## WHAT TO PRODUCE
Report how many lines in the data below hold the string "Blue". Nothing else should appear in the answer.

(Beginning of EXERCISE INPUT)

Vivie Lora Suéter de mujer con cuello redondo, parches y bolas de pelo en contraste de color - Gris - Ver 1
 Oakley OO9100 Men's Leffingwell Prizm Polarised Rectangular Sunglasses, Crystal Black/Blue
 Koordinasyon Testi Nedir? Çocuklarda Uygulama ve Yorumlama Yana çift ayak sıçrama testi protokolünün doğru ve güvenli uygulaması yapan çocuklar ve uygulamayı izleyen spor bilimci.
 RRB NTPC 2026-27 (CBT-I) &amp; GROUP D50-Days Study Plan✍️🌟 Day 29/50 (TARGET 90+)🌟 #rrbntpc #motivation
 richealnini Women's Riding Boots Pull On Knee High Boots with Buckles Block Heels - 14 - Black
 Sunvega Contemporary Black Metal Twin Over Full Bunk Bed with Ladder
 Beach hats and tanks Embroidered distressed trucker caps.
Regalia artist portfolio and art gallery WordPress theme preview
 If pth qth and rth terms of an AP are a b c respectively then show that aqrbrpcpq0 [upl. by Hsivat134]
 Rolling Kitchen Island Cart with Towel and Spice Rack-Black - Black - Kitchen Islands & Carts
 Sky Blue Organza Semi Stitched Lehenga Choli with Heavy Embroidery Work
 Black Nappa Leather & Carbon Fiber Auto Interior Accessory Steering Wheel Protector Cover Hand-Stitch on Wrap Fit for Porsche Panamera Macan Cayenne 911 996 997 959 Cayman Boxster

(End of EXERCISE INPUT)

## COMPLETED TASK
2